• _EXERCISE PROMPT_:
An identical reprint of the entire listing below is expected.

# # #

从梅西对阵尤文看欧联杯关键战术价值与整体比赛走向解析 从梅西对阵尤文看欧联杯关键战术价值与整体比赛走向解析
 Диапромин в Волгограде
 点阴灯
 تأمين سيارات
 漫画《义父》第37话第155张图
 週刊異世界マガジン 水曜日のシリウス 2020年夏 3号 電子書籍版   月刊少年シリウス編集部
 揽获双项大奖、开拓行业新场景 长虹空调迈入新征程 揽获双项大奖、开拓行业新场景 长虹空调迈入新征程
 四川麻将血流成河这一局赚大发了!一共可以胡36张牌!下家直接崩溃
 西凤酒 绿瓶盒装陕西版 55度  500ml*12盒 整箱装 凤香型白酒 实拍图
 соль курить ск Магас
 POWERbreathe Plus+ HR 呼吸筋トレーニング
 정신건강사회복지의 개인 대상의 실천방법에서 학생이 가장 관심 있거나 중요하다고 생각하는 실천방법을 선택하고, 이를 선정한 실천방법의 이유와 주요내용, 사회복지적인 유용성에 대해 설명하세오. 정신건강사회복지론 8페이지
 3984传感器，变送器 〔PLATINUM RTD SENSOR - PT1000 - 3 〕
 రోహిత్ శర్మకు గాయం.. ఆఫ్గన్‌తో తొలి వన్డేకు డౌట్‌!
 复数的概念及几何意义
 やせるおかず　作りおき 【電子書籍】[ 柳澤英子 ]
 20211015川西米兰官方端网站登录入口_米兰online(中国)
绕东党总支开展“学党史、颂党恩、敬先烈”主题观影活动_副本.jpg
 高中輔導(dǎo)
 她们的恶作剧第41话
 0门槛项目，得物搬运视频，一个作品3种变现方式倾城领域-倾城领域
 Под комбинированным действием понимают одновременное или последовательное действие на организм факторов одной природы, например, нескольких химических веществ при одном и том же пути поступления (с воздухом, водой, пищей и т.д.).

# # #

• _TASK SOLUTION_:
从梅西对阵尤文看欧联杯关键战术价值与整体比赛走向解析 从梅西对阵尤文看欧联杯关键战术价值与整体比赛走向解析
 Диапромин в Волгограде
 点阴灯
 تأمين سيارات
 漫画《义父》第37话第155张图
 週刊異世界マガジン 水曜日のシリウス 2020年夏 3号 電子書籍版   月刊少年シリウス編集部
 揽获双项大奖、开拓行业新场景 长虹空调迈入新征程 揽获双项大奖、开拓行业新场景 长虹空调迈入新征程
 四川麻将血流成河这一局赚大发了!一共可以胡36张牌!下家直接崩溃
 西凤酒 绿瓶盒装陕西版 55度  500ml*12盒 整箱装 凤香型白酒 实拍图
 соль курить ск Магас
 POWERbreathe Plus+ HR 呼吸筋トレーニング
 정신건강사회복지의 개인 대상의 실천방법에서 학생이 가장 관심 있거나 중요하다고 생각하는 실천방법을 선택하고, 이를 선정한 실천방법의 이유와 주요내용, 사회복지적인 유용성에 대해 설명하세오. 정신건강사회복지론 8페이지
 3984传感器，变送器 〔PLATINUM RTD SENSOR - PT1000 - 3 〕
 రోహిత్ శర్మకు గాయం.. ఆఫ్గన్‌తో తొలి వన్డేకు డౌట్‌!
 复数的概念及几何意义
 やせるおかず　作りおき 【電子書籍】[ 柳澤英子 ]
 20211015川西米兰官方端网站登录入口_米兰online(中国)
绕东党总支开展“学党史、颂党恩、敬先烈”主题观影活动_副本.jpg
 高中輔導(dǎo)
 她们的恶作剧第41话
 0门槛项目，得物搬运视频，一个作品3种变现方式倾城领域-倾城领域
 Под комбинированным действием понимают одновременное или последовательное действие на организм факторов одной природы, например, нескольких химических веществ при одном и том же пути поступления (с воздухом, водой, пищей и т.д.).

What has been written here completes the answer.